» TASK DESCRIPTION
Omit every image, and transcribe the remaining entries exactly as given.

== DATASET EXTRACT ==

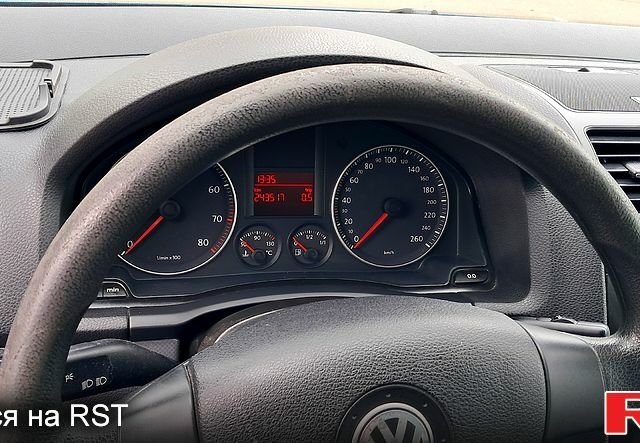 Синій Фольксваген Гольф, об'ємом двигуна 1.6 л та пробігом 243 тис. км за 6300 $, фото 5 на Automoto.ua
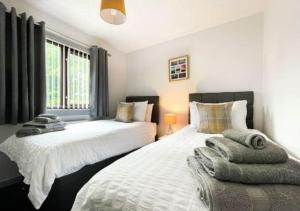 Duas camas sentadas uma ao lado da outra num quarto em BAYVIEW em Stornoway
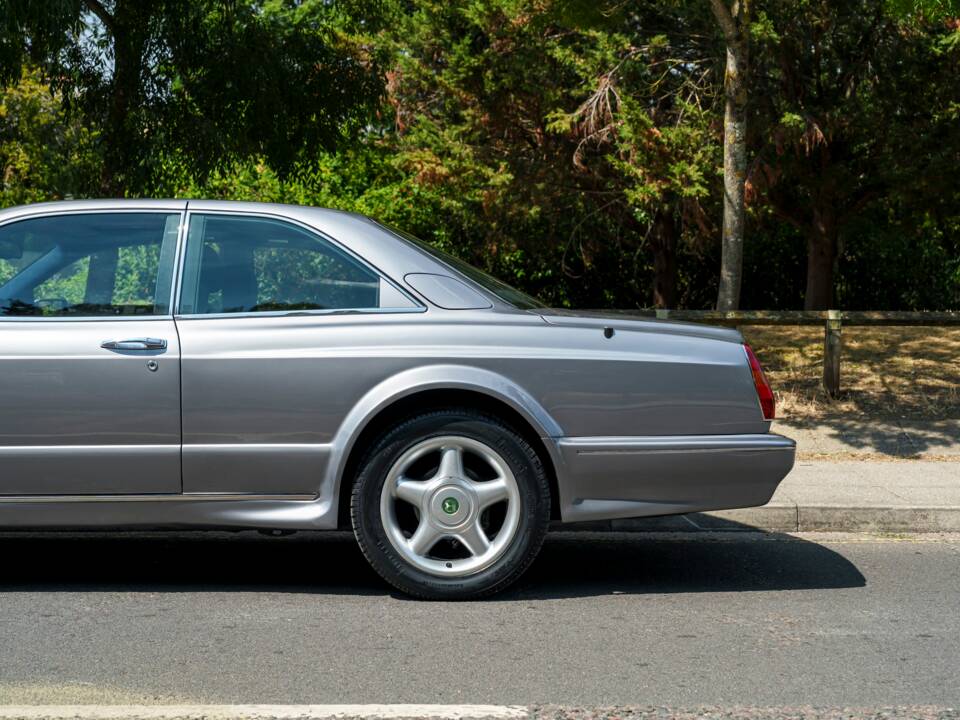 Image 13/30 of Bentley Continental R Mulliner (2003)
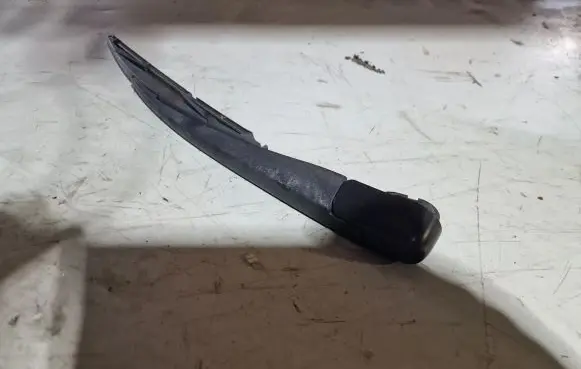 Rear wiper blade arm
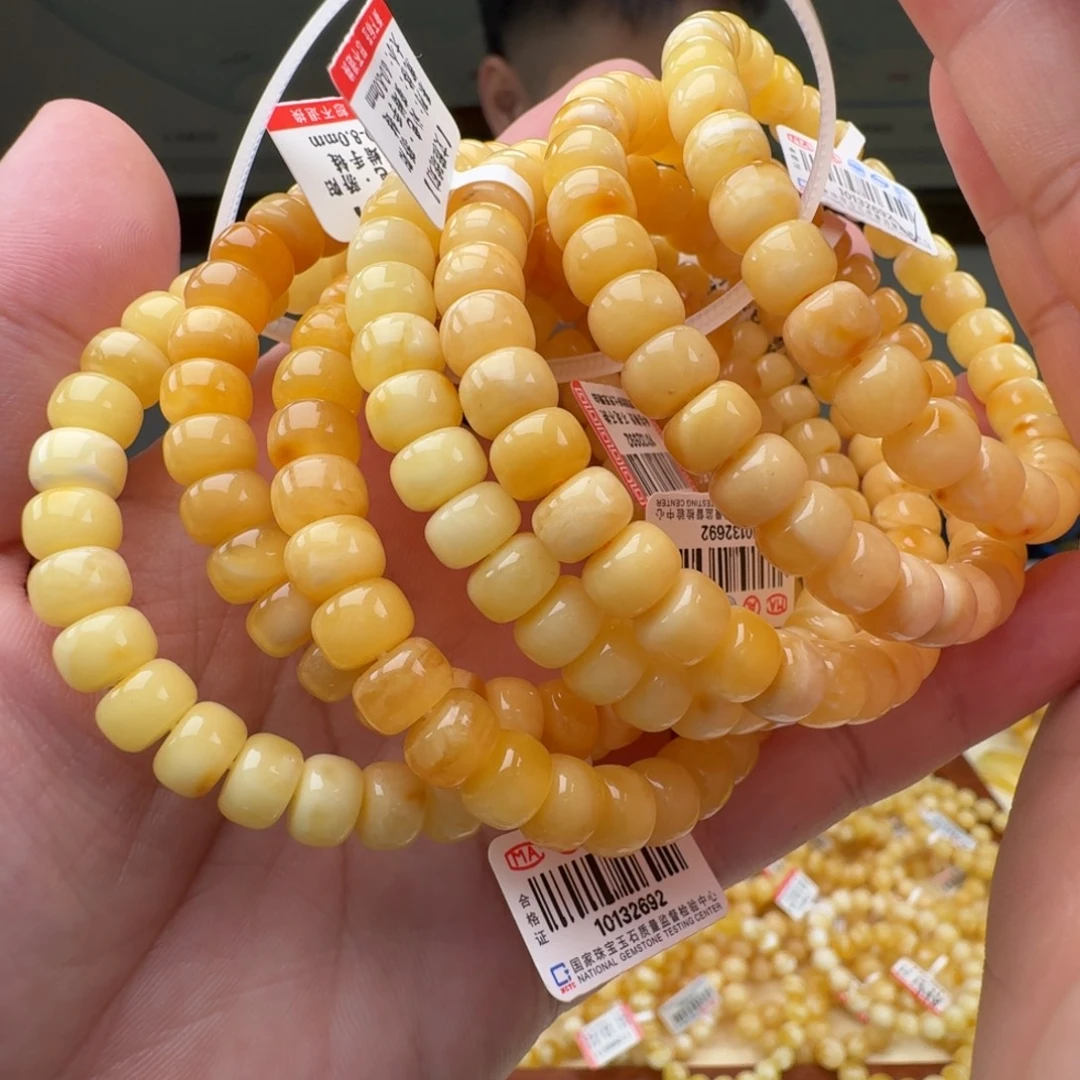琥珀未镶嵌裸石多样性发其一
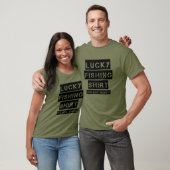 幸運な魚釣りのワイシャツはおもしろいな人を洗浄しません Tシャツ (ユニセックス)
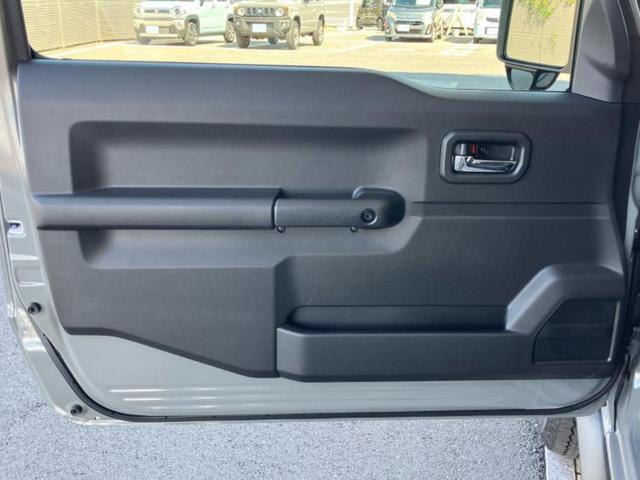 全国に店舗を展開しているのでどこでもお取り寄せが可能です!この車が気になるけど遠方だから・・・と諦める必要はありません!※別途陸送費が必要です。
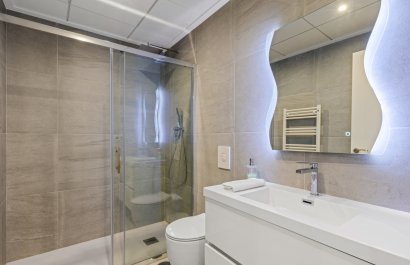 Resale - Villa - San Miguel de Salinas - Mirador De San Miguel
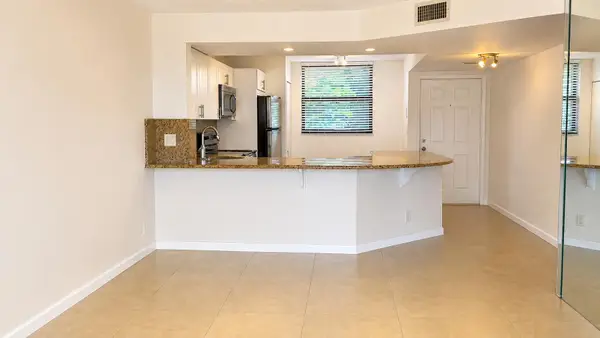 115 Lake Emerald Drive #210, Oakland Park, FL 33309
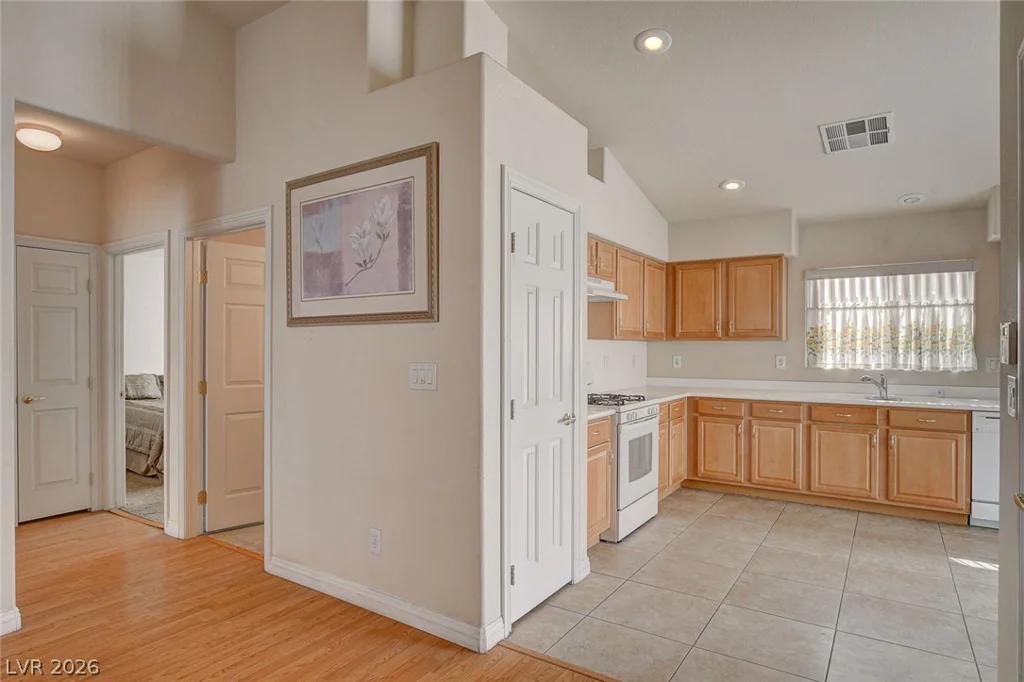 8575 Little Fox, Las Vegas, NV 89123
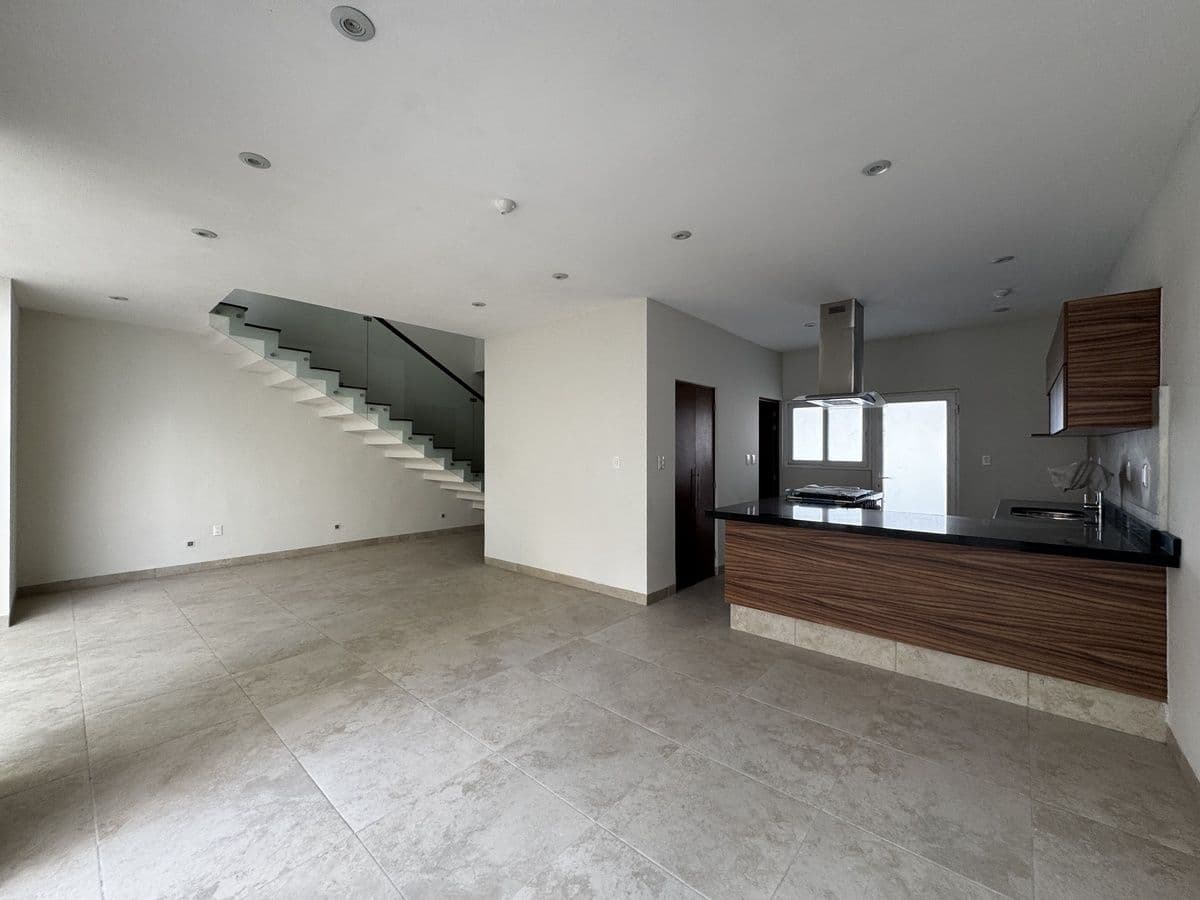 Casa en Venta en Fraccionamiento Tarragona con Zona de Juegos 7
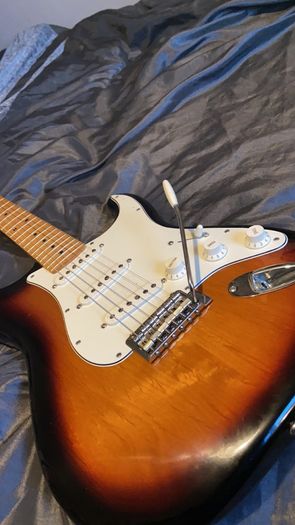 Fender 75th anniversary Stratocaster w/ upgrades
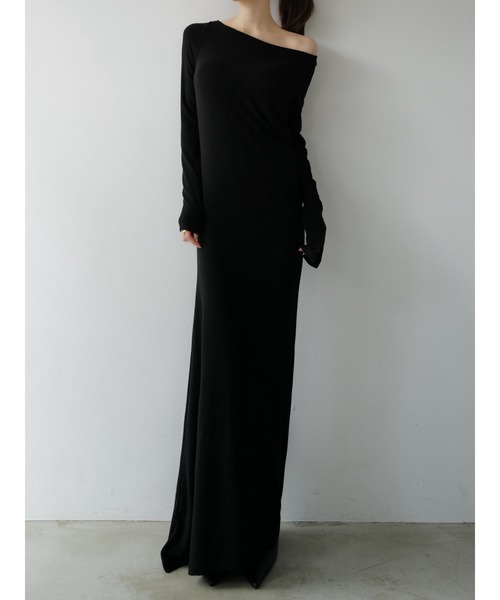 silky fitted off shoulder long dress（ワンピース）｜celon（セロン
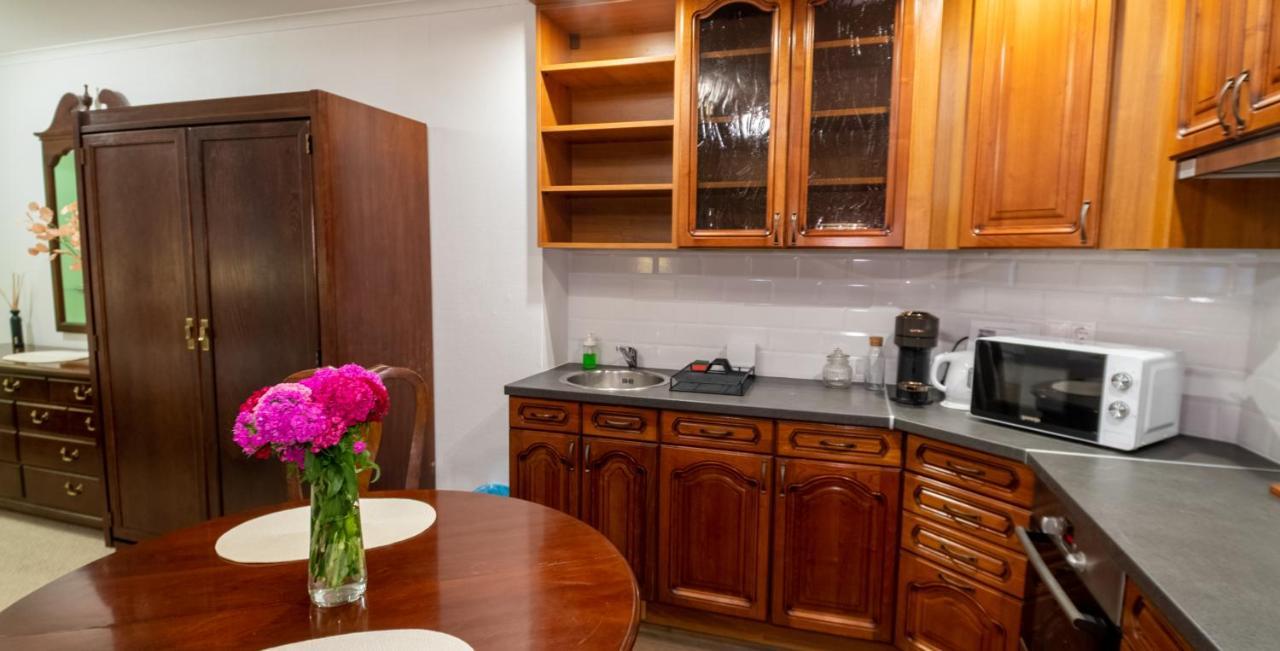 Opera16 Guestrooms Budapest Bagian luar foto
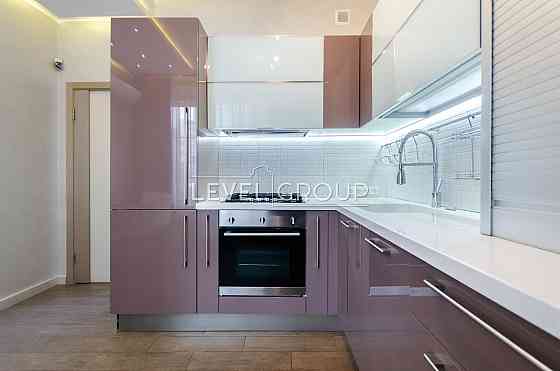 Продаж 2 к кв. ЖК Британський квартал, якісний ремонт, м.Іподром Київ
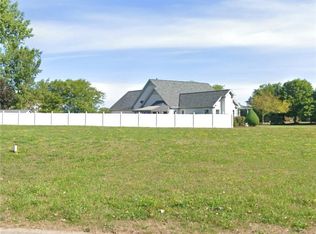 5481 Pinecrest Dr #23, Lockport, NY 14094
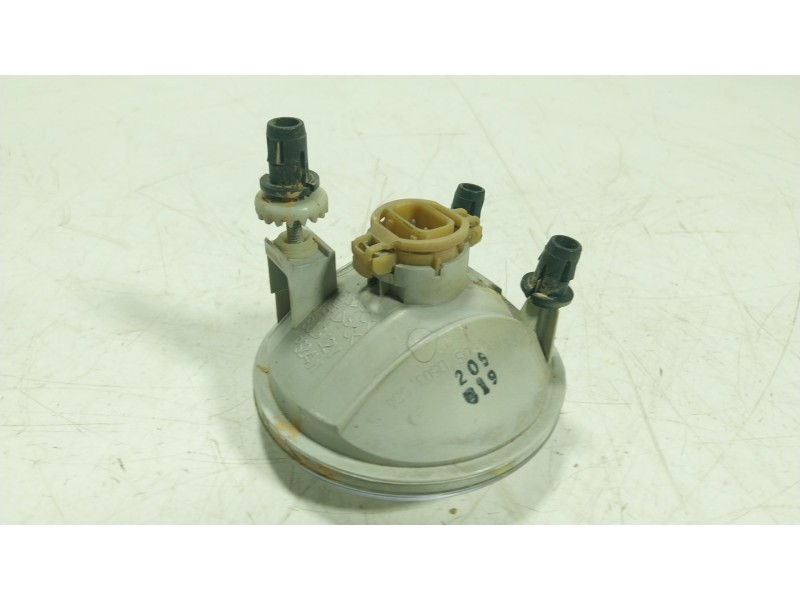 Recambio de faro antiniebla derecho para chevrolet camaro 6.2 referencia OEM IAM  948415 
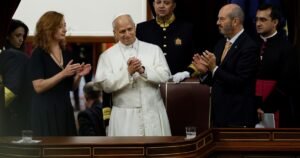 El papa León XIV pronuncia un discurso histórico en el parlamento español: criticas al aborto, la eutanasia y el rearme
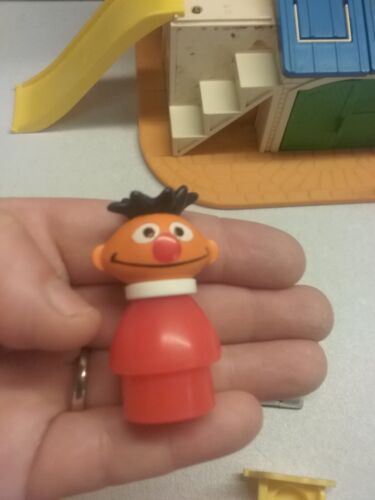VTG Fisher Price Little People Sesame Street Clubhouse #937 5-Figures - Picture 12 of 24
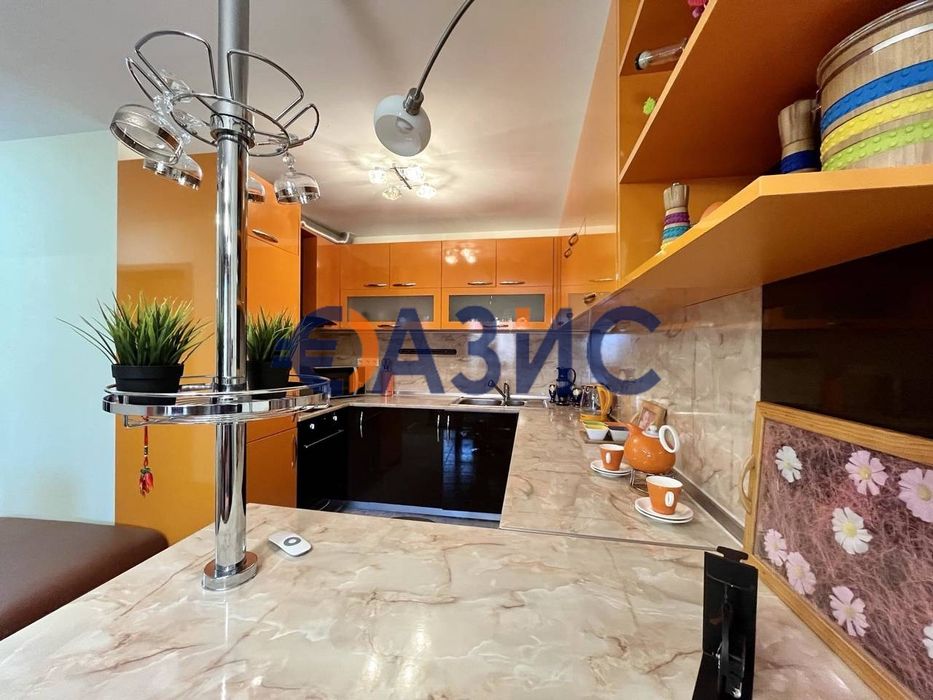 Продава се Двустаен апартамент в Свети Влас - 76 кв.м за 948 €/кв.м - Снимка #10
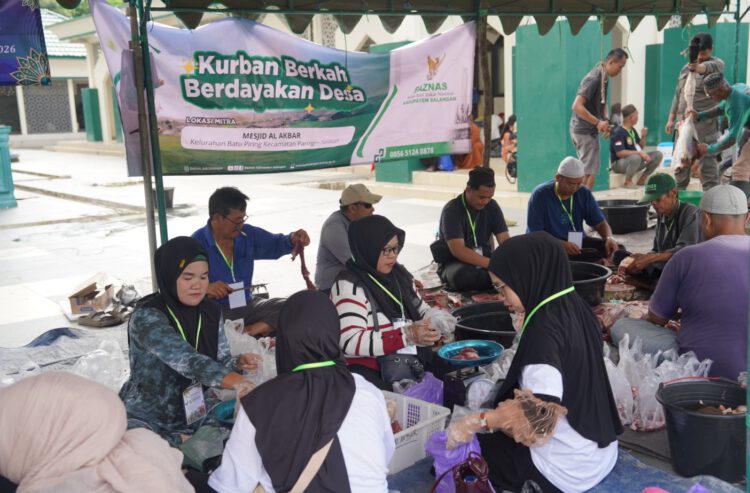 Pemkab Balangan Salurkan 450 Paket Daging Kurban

===

» EXPECTED ANSWER
 Синій Фольксваген Гольф, об'ємом двигуна 1.6 л та пробігом 243 тис. км за 6300 $, фото 5 на Automoto.ua
 Duas camas sentadas uma ao lado da outra num quarto em BAYVIEW em Stornoway
 Image 13/30 of Bentley Continental R Mulliner (2003)
 Rear wiper blade arm
琥珀未镶嵌裸石多样性发其一
 幸運な魚釣りのワイシャツはおもしろいな人を洗浄しません Tシャツ (ユニセックス)
 全国に店舗を展開しているのでどこでもお取り寄せが可能です!この車が気になるけど遠方だから・・・と諦める必要はありません!※別途陸送費が必要です。
 Resale - Villa - San Miguel de Salinas - Mirador De San Miguel
 115 Lake Emerald Drive #210, Oakland Park, FL 33309
 8575 Little Fox, Las Vegas, NV 89123
 Casa en Venta en Fraccionamiento Tarragona con Zona de Juegos 7
 Fender 75th anniversary Stratocaster w/ upgrades
 silky fitted off shoulder long dress（ワンピース）｜celon（セロン
 Opera16 Guestrooms Budapest Bagian luar foto
 Продаж 2 к кв. ЖК Британський квартал, якісний ремонт, м.Іподром Київ
 5481 Pinecrest Dr #23, Lockport, NY 14094
 Recambio de faro antiniebla derecho para chevrolet camaro 6.2 referencia OEM IAM  948415 
 El papa León XIV pronuncia un discurso histórico en el parlamento español: criticas al aborto, la eutanasia y el rearme
VTG Fisher Price Little People Sesame Street Clubhouse #937 5-Figures - Picture 12 of 24
 Продава се Двустаен апартамент в Свети Влас - 76 кв.м за 948 €/кв.м - Снимка #10
 Pemkab Balangan Salurkan 450 Paket Daging Kurban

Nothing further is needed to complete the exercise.